А печь ему дед Трофим сложит. Ежели жив ещё старик…
Революция…
А вы знаете, как земля пахнет, когда её плугом переворачивают по весне? Как в ночном хрустит трава на зубах стреноженных коней? Как цвиркает молоко в подойник?
Не знаете? Ну так и пошли бы все с вашей революцией…
Котов повеселел, на душе полегчало.
Трудов и трудностей всяких будущее обещало массу, так и что с того? Когда это трудовому человеку легко жилось?
Коллективизация ещё эта…
Ну если верить Авинову, то минуют крестьян колхозы. Если белые победят.
Тут Степан озлился. Да по хрену ему, кто кого на этой дурацкой Гражданской бойне!
Оставьте его в покое все! Хватит с него, натерпелся.
— Ваши документы!
Голос грянул как гром с небес.
Вздрогнув, Котов обнаружил рядом с собой двух полицейских.
В сторонке пританцовывали кони троих казаков, стерёгших невеликую толпу молодых, растерянных парней.
— Нету у меня документов, — буркнул Степан.
— Имя? Фамилия? — невозмутимо спросил городовой.
— Степан Котов.
— Где проживаете?
— Нездешние мы.
— Родители где?
— Померли.
— Сочувствую, — сухо сказал полицейский и сделал жест рукой в вязаной перчатке. — Пожалуйте в армию, господин Котов. Хорунжий! На вокзал всех…
Котов до того растерялся, что даже не подумал о сопротивлении, о бегстве. Да и сбежать от казаков — это уметь надо.
Не догонят, так пристрелят, с них станется…
На вокзале таких, как он, новобранцев толпилось столько, что на батальон хватило бы.
Парни городские и крестьянские выстроились в четыре длинных очереди, медленно двигаясь к столам, где корпели над бумагами писари. За их спинами расхаживали офицеры.
Зачисленные тут же, в зале ожидания, получали обмундирование — и бельё, и форму из тёмно-зелёного сукна, и валенки, и шинель тёплую, и папаху, и ремень. Только оружия не давали.
Подошла очередь Котова.
Писарь аккуратно заполнил бумаги, оформил всё как полагается, и Степан шагнул к интендантам. А что ещё делать прикажете?
Оделся, обулся, всё как полагается, не торопясь, с толком, с чувством, с расстановкой.
Один из офицеров, довольно молодой — едва за тридцать — капитан, невысокий, но крепкий, с лицом простым и благодушным, с чёрной бородкой клинышком, разговаривал с поручиком из штабных.

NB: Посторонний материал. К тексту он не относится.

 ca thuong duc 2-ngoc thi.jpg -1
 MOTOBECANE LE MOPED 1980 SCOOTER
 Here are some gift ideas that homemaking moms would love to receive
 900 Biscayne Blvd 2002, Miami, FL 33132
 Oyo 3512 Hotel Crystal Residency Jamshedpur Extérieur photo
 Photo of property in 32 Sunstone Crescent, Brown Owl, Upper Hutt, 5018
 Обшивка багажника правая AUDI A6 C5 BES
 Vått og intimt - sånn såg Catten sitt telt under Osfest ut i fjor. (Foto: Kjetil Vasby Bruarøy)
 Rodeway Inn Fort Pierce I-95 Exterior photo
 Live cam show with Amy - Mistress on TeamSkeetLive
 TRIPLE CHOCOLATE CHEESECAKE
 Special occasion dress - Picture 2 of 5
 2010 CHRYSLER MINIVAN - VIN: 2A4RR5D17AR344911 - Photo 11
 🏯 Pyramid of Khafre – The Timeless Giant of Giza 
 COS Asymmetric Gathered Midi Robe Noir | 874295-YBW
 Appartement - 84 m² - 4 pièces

Тот ему пополнение привёл из гимназистов и студентов, а капитан вежливо, не без раздражения отказывался, сильно картавя:
— Это какой же-с солдат! Это-с не солдат, а, извините, гусская интеллигенция! Нет уж, благодарю: я уж пополнюсь моим земляком…
Похлопывая стеком по сапогам, он остановился перед Котовым.
— Степан вгоде? — спросил офицер, сильно картавя.
— Так точно.
— Откуда сам? Из каковских?
— Из Орловской губернии, ваше высокоблагородие, деревня Добрики.
— Мать, отец есть?
— Померли. Я ещё мальцом был, когда мы в Москву подались. Отец на завод устроился, да пить пристрастился. Вот по пьяному-то делу и сгиб. А тут и мать запила. Замёрзла зимою.